The second half in that concert was to be Messiaen’s Quartet for the End of Time; Benjamin switched Messiaen’s piano for
celesta, imparting an unearthly feeling to the music which, in retrospect,
might fancifully be heard as prefiguring that angelic glass harmonic in Written in Skin. Slow, steady progress
of the first part and alternation with the quicker sections exchanged echt-Purcellian melancholy for something
approaching high spirits, yet the suspicion of loss remained. Glassy,
vibrato-less stringed instruments gained in vibrating allure, yet the journey
was never one-way; this is thoughtful ‘authenticity’ rather than the fatwa of a
period ayatollah. I thought at one point of Berio, although the sound and the sensibility
are different. Music mediates, brings us together, perhaps especially when our
way of listening – Pulcinella,
anyone? – is called into question and enhanced.
Júlia Gállego was the solo
flautist for one of Benjamin’s earliest-published pieces, Flight. Gállego worked with the composer seemingly as one, to convey,
as well as melodic, Messiaenic profusion, a sense of harmonic ‘depth’, almost
programmatically so, given the inspiration of ‘the sight of birds soaring and
dipping over the peaks of the Swiss Alps’. Form was dynamically revealed;
attack was endlessly varied. There was, ultimately, a splendid sense of
numinous mystery: here, indeed, was a pupil of Messiaen.
Viola,
Viola was written, at the
invitation of Toru Takemitsu, for Yuri Bashmet and Nobuko Imai to perform at
the 1997 opening of the Tokyo Opera City Concert Hall.
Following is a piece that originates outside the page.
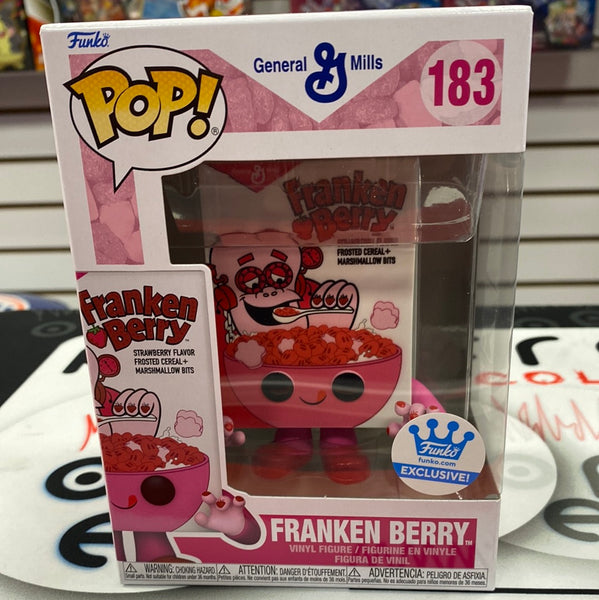 Pop Cereal: General Mills- Franken Berry (Funko Exclusive)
If it managed to fill
that hall, then it would scarcely have problems at St Luke’s. Nor did it under
the violists’ worthy successors, Anna Puig Torné and Béatrice Muthelet.
Confounding expectations seemed to me a theme, intentional or otherwise, of
work and performance. Not only is this, as it were, an orchestral work for but
two instrumentalists, but everything seems unpredictable, whilst making perfect
sense after it has happened. (I have doubtless read too much Hegel to be
thinking of him here, but such is the way of his dialectic, or indeed of
theories of evolution.) Moments of éclat – Boulez on my mind here! – registered
powerfully, unexpected yet anything but arbitrary. Harmonics, sometimes in
tandem, sometimes not, could be understood at least in this sense to perform a
similar role. Implied harmonies were again conveyed in masterly fashion, both
as work and performance. (Apologies for any sexism there, but ‘mistressly’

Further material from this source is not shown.